■ About this exercise ■
Word for word and without images, transcribe all of the records.

■ The records ■

+++++

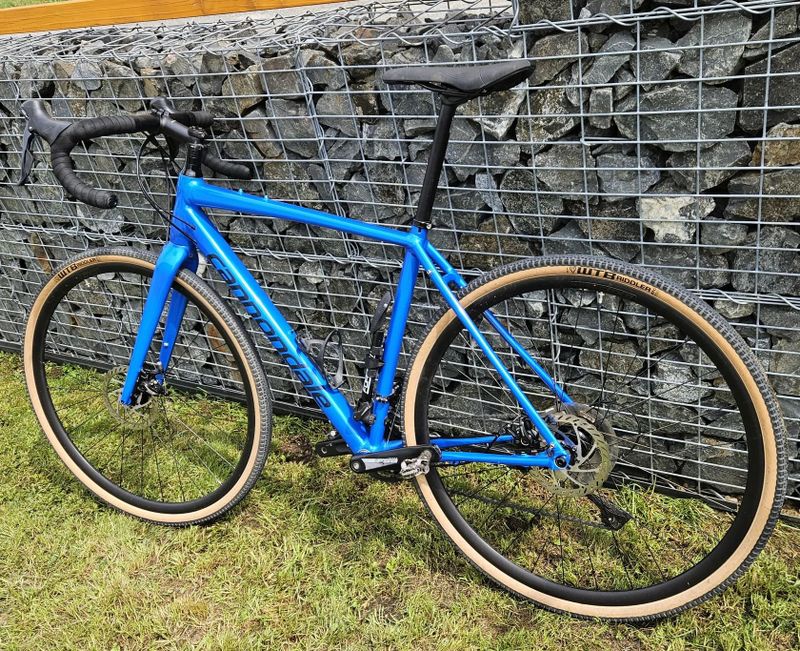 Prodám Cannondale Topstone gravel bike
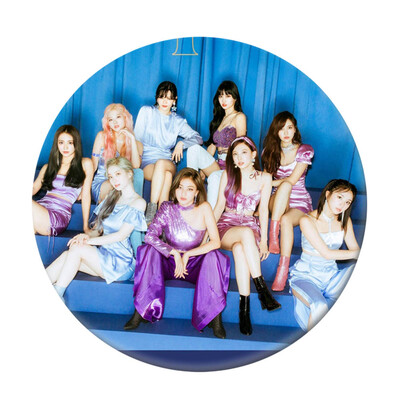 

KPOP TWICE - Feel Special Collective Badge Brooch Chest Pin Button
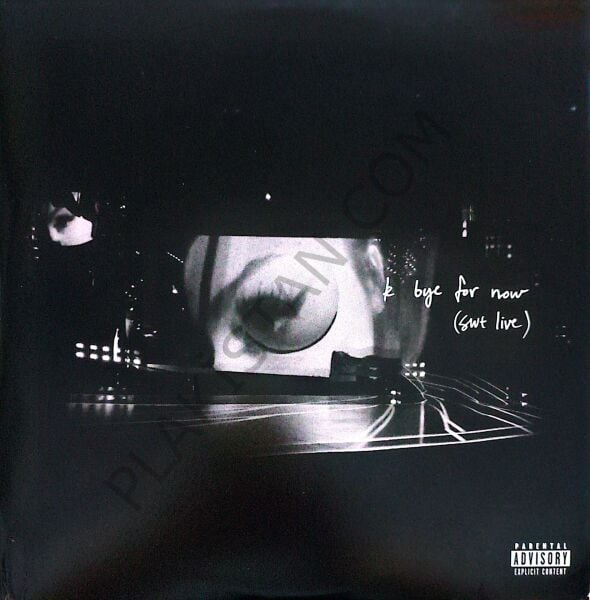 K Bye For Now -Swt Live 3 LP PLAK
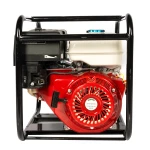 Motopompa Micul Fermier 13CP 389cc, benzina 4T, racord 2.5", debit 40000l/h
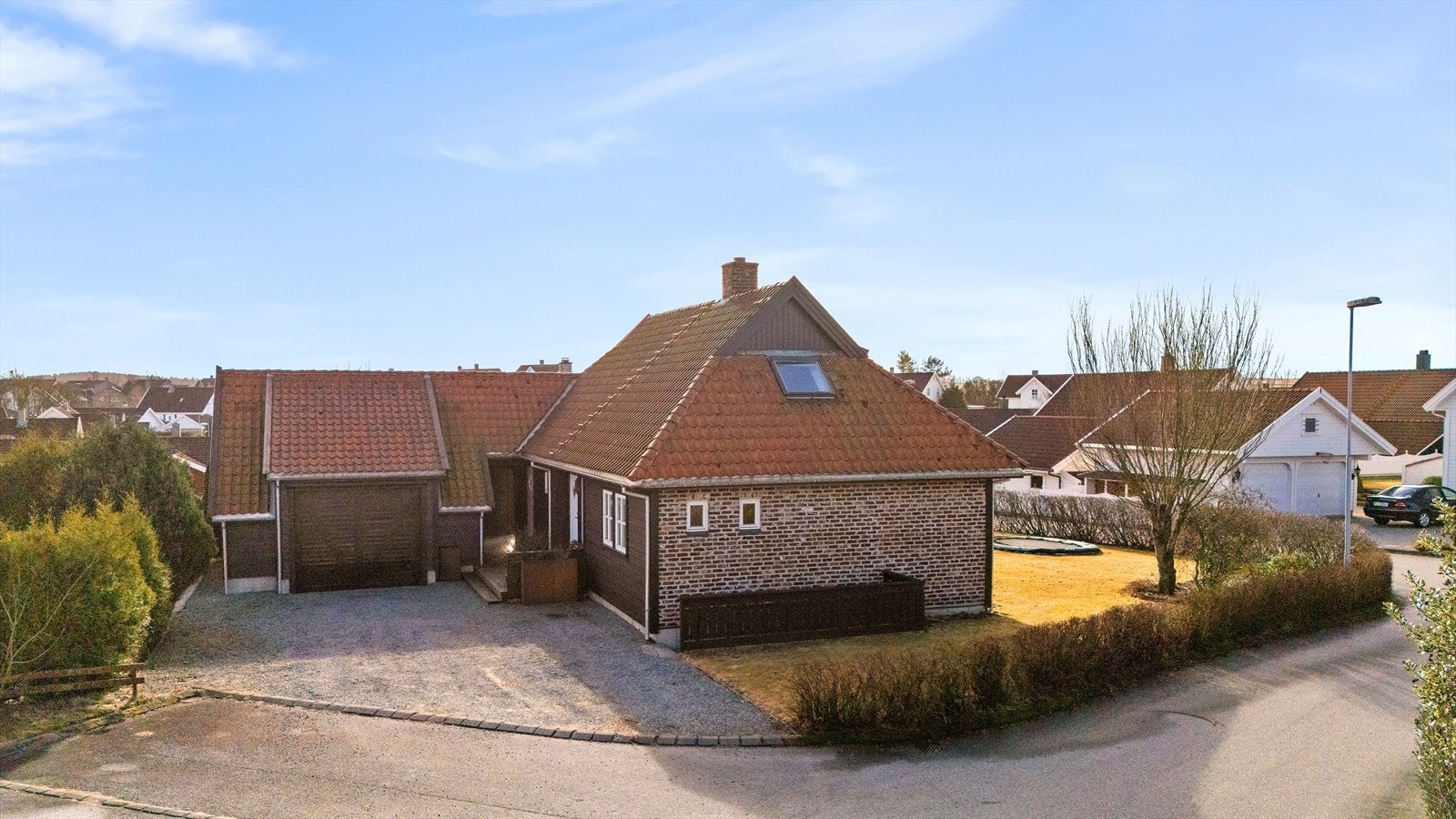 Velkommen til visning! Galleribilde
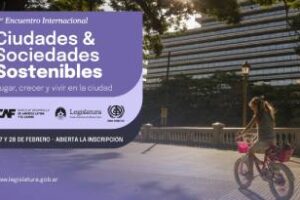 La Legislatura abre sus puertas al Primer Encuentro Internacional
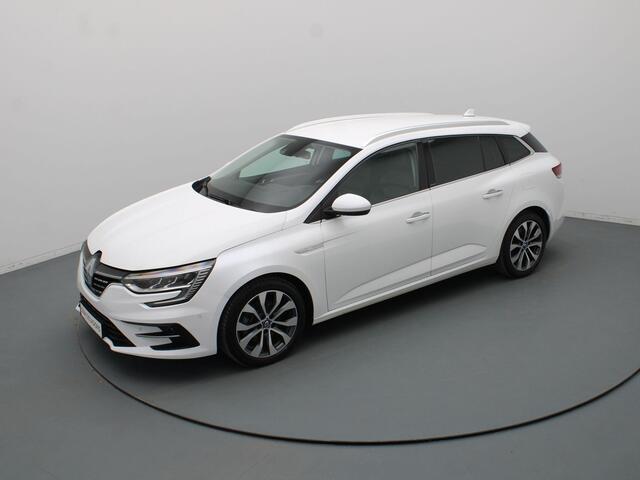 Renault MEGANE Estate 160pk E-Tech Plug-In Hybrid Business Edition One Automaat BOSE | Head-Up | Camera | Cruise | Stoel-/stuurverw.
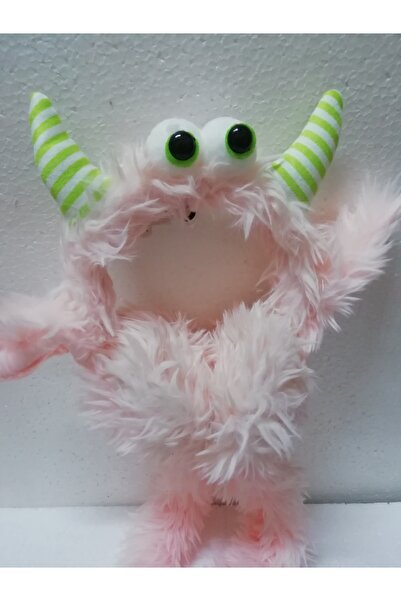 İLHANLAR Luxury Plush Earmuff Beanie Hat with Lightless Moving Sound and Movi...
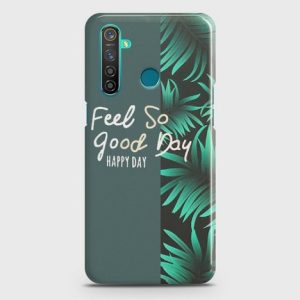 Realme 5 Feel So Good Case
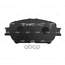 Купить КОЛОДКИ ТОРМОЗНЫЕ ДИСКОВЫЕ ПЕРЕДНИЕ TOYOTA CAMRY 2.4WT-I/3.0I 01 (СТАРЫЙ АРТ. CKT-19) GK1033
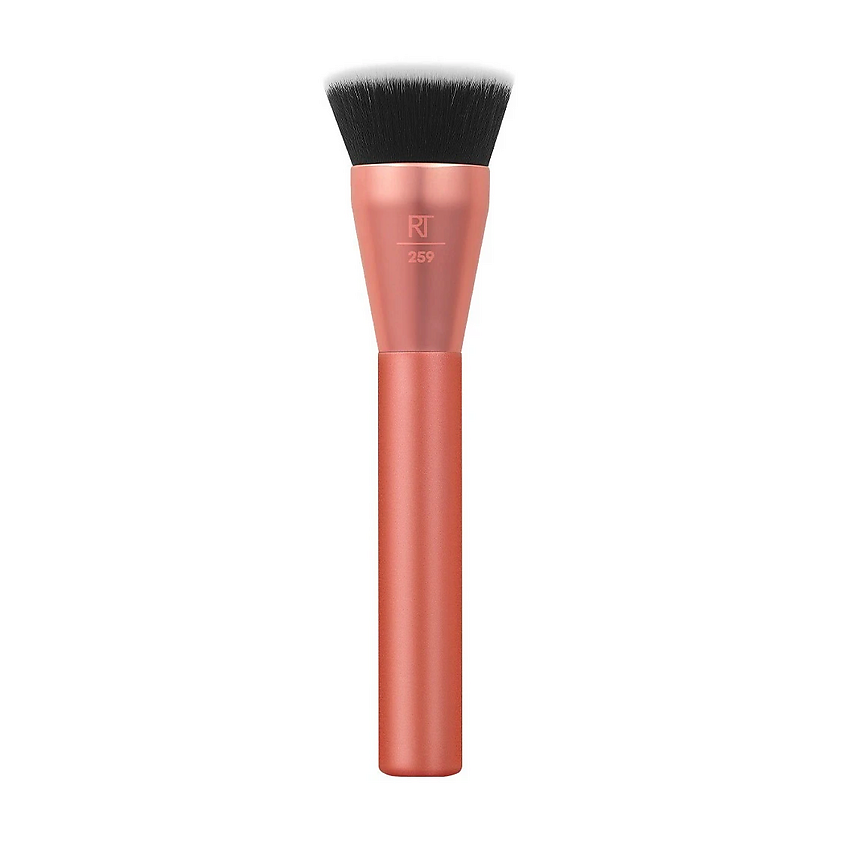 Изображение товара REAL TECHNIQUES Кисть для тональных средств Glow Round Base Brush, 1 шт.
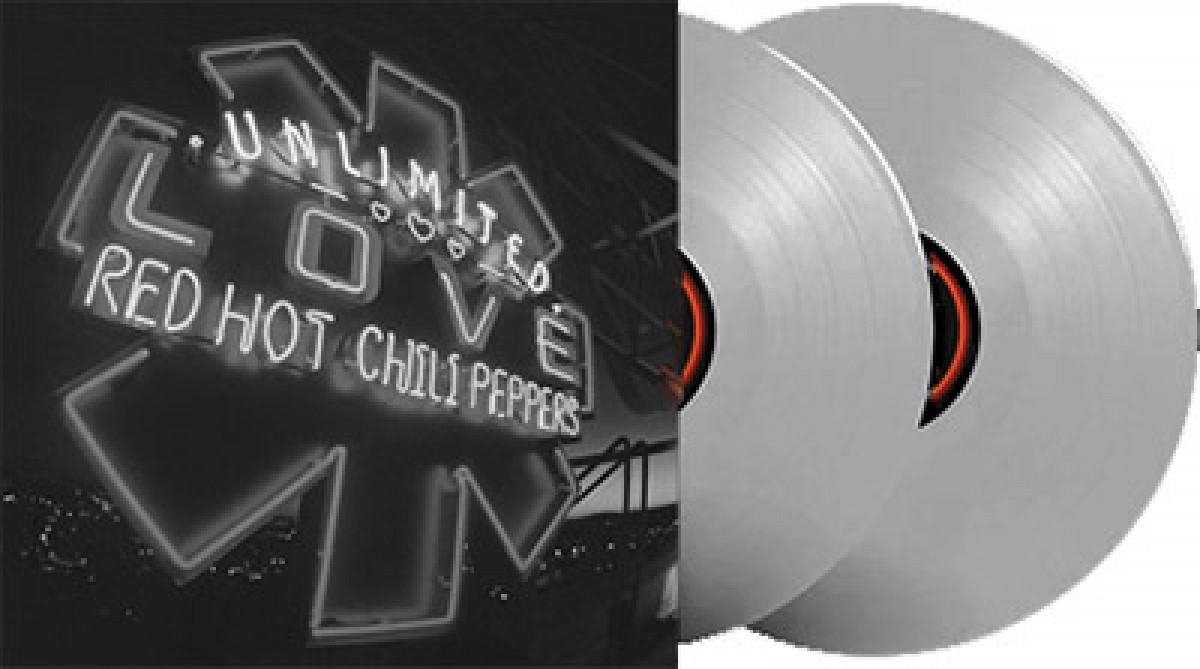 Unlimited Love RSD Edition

+++++

■ Result of this exercise ■
 Prodám Cannondale Topstone gravel bike

KPOP TWICE - Feel Special Collective Badge Brooch Chest Pin Button
 K Bye For Now -Swt Live 3 LP PLAK
 Motopompa Micul Fermier 13CP 389cc, benzina 4T, racord 2.5", debit 40000l/h
 Velkommen til visning! Galleribilde
 La Legislatura abre sus puertas al Primer Encuentro Internacional
 Renault MEGANE Estate 160pk E-Tech Plug-In Hybrid Business Edition One Automaat BOSE | Head-Up | Camera | Cruise | Stoel-/stuurverw.
 İLHANLAR Luxury Plush Earmuff Beanie Hat with Lightless Moving Sound and Movi...
 Realme 5 Feel So Good Case
 Купить КОЛОДКИ ТОРМОЗНЫЕ ДИСКОВЫЕ ПЕРЕДНИЕ TOYOTA CAMRY 2.4WT-I/3.0I 01 (СТАРЫЙ АРТ. CKT-19) GK1033
 Изображение товара REAL TECHNIQUES Кисть для тональных средств Glow Round Base Brush, 1 шт.
 Unlimited Love RSD Edition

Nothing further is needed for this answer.